## Records supplied:
**********

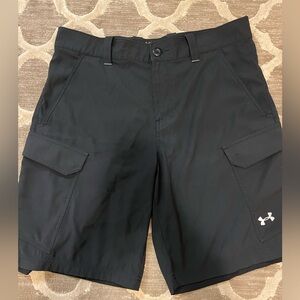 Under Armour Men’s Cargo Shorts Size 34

**********

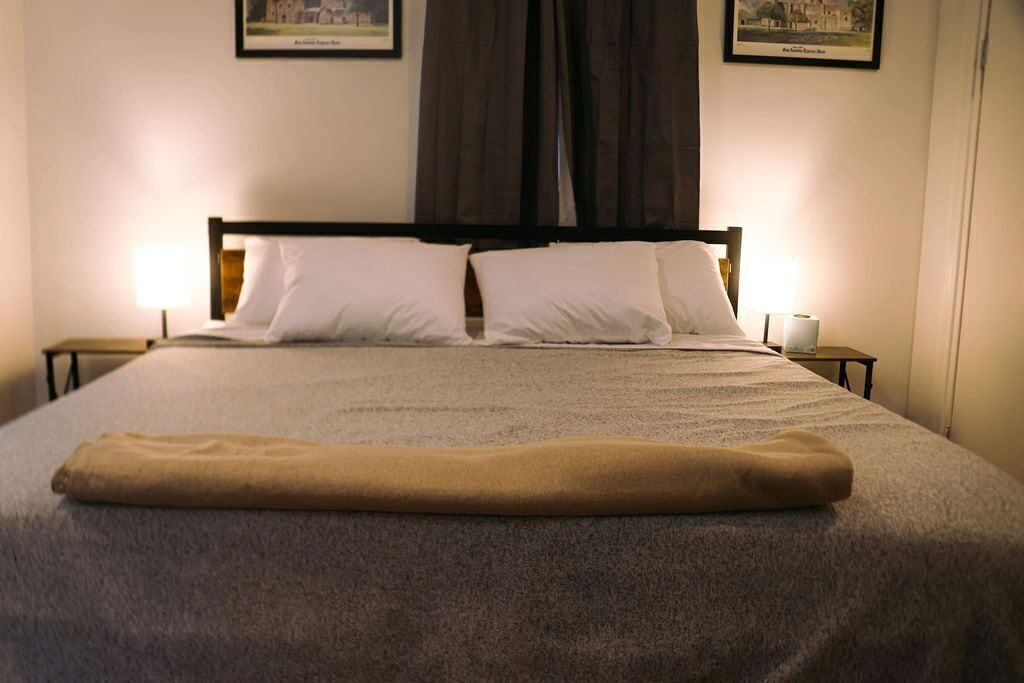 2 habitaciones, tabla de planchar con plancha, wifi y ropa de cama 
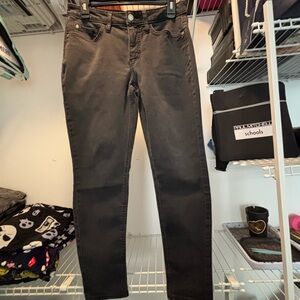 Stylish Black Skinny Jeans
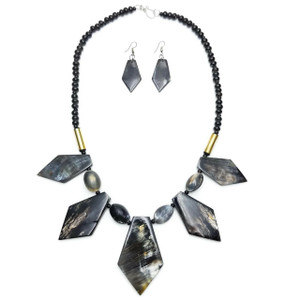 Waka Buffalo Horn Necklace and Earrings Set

**********

## Task brief:
From the records above, copy exactly the lines starting at the one with "Stylish Black Skinny Jeans" and ending at the one with "Waka Buffalo Horn Necklace and Earrings Set", and no others. Pictures stay out.

## Exercise output:
 Stylish Black Skinny Jeans
 Waka Buffalo Horn Necklace and Earrings Set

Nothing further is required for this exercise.